Interruzione del processo per cancellazione del difensore dall'albo professionale

la Cassazione ha sciolto il dubbio sugli effetti della notifica dell’atto di impugnazione eseguita nei confronti del difensore volontariamente cancellatosi dall’albo prima della notifica medesima, ma dopo il deposito della sentenza impugnata, e sulla idoneità (o meno) del medesimo atto alla instaurazione di un valido contraddittorio e all’impedimento del passaggio in giudicato della sentenza impugnata.

Le Sezioni Unite Civili hanno sciolto il dubbio sugli effetti della notifica dell’atto di impugnazione eseguita nei confronti del procuratore domiciliatario volontariamente cancellatosi dall’albo prima della notifica medesima, ma dopo il deposito della sentenza impugnata, ovvero sulla idoneità (o meno) del medesimo atto alla instaurazione di un valido contraddittorio e all’impedimento del passaggio in giudicato della sentenza impugnata.

La decisione n. 3702 del 13 febbraio 2013 è giunta alla conclusione (che si spiegherà a breve) dopo aver ripercorso anche l’assetto del previgente codice di rito e dei lavori preparatori di quello del 1940.

Da molti decenni, intorno alla fattispecie prospettata, si erano formati tre indirizzi interpretativi.

Il primo propendeva per l’inesistenza della notifica (Cass. SS.U. n. 935/68; Cass., sez. 2, 06.06.1969, n. 1986; Cass., sez. 3’, 25.09.1979, n. 4946; Cass., sez. 3’, 18.09.1986, n. 5676; Cass. SS.UU 21.11.1996, n. 10284; Cass., sez. 3’, 22.04.1997, n. 3468; Cass., sez. 1’, 17.07.1999, n. 7577; Cass., sez. 2’, 05.10.2001, n. 12294; Cass., sez. 2’, 06.03.2003, n. 3299; Cass., sez. 1’, 20.01.2006, n. 1180; Cass., sez. L, 21.09.2011, n. 19225; Cass., sez. 3’, 11.06.2014, n. 13244), osservando l’impossibilità di ulteriore esercizio della professione forense da parte del difensore non (più) iscritto all’albo (carente, per questo, di ius postulandi) e l’ inapplicabilità del principio di ultrattività del mandato , con contestuale necessità di garantire il rispetto del diritto di difesa (art. 24 Cost.) e al contraddittorio (art. 111 Cost.) della parte rappresentata dal difensore cancellatosi dall’albo.
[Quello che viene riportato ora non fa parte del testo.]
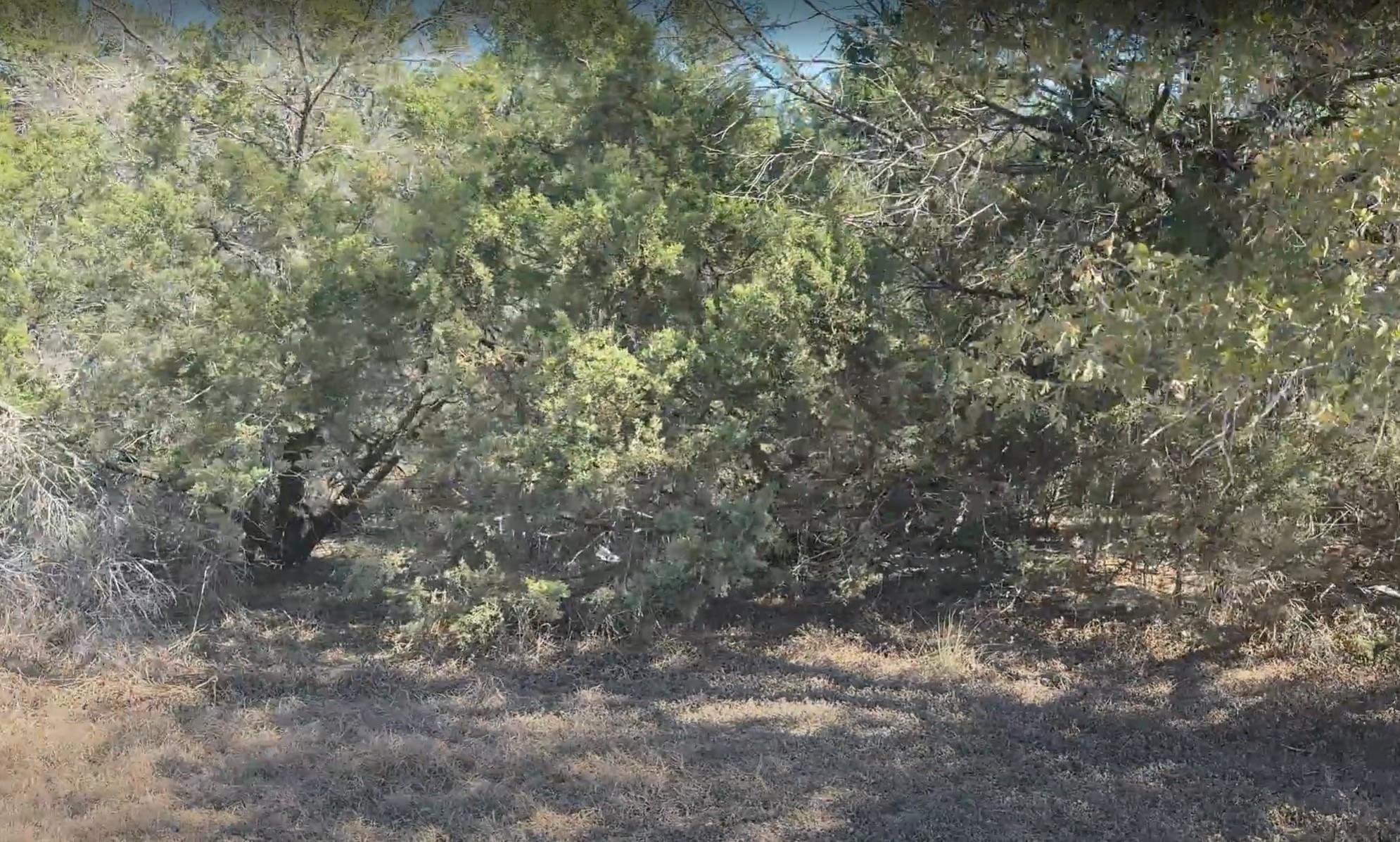 500 Hidden Mesa, Leander, TX 78641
La seconda chiave di lettura, fornita dal giudice di legittimità, era quella della nullità della notifica dell’atto di impugnazione (Cass. n. 12478/13; Cass. n. 9528/09; Cass. n. 27450/05; Cass. n. 11360/99); secondo questo pensiero, le notificazioni eseguite nei confronti di un procuratore, non più legittimato all’esercizio della professione, erano da ritenersi viziate, siccome non rispondenti alla previsione normativa di cui all’art. 330 c.p.c., in quanto indirizzate ad un soggetto non più abilitato a riceverle; pur tuttavia, tale giurisprudenza rilevava altresì che lo scostamento rispetto alle previsioni normative non è sempre causa di inesistenza dell’atto, dovendosi distinguere tra notificazioni inesistenti e nulle, con la conseguenza che doveva tenersi conto della circostanza che il domiciliatario cancellatosi volontariamente dall’albo non è un soggetto totalmente estraneo ma, proprio per il ruolo originariamente rivestito, è certamente collegabile al destinatario dell’atto; a conclusione di questa indagine, il medesimo indirizzo affermava che le notificazioni eseguite nei confronti del domiciliatario cancellatosi dall’albo erano, pertanto, nulle e non inesistenti, cosicché il vizio della notificazione dell’atto di gravame poteva essere sanato, con efficacia retroattiva, dalla costituzione volontaria dell’appellato o dando tempestivamente seguito all’ordine di rinnovazione della notifica medesima, ex art. 291 c.p.c..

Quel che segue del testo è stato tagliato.